Entries provided ▸
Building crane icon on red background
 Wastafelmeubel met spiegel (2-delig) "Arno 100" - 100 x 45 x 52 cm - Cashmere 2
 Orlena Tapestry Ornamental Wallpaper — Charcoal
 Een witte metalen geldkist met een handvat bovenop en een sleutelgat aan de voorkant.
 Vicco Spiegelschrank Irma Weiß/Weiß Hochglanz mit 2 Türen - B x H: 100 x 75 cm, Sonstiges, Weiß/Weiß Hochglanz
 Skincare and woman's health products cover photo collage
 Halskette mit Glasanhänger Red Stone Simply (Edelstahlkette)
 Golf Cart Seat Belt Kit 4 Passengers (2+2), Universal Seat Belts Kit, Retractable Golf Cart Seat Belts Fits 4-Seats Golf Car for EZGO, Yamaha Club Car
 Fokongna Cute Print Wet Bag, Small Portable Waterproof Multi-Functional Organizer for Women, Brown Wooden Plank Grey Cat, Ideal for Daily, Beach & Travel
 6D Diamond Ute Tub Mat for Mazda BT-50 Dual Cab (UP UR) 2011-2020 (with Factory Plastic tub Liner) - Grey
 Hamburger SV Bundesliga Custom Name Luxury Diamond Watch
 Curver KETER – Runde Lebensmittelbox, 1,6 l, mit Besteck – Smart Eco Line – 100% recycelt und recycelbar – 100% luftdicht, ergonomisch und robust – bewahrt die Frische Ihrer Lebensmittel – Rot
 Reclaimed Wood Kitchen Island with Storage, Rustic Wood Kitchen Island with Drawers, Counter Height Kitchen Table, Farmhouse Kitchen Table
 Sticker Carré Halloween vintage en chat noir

Exercise aim ▸ Repeat, character for character, the lines of the material above from the line with "Halskette mit Glasanhänger" through the line with "Reclaimed Wood Kitchen".

Exercise answer ▸
 Halskette mit Glasanhänger Red Stone Simply (Edelstahlkette)
 Golf Cart Seat Belt Kit 4 Passengers (2+2), Universal Seat Belts Kit, Retractable Golf Cart Seat Belts Fits 4-Seats Golf Car for EZGO, Yamaha Club Car
 Fokongna Cute Print Wet Bag, Small Portable Waterproof Multi-Functional Organizer for Women, Brown Wooden Plank Grey Cat, Ideal for Daily, Beach & Travel
 6D Diamond Ute Tub Mat for Mazda BT-50 Dual Cab (UP UR) 2011-2020 (with Factory Plastic tub Liner) - Grey
 Hamburger SV Bundesliga Custom Name Luxury Diamond Watch
 Curver KETER – Runde Lebensmittelbox, 1,6 l, mit Besteck – Smart Eco Line – 100% recycelt und recycelbar – 100% luftdicht, ergonomisch und robust – bewahrt die Frische Ihrer Lebensmittel – Rot
 Reclaimed Wood Kitchen Island with Storage, Rustic Wood Kitchen Island with Drawers, Counter Height Kitchen Table, Farmhouse Kitchen Table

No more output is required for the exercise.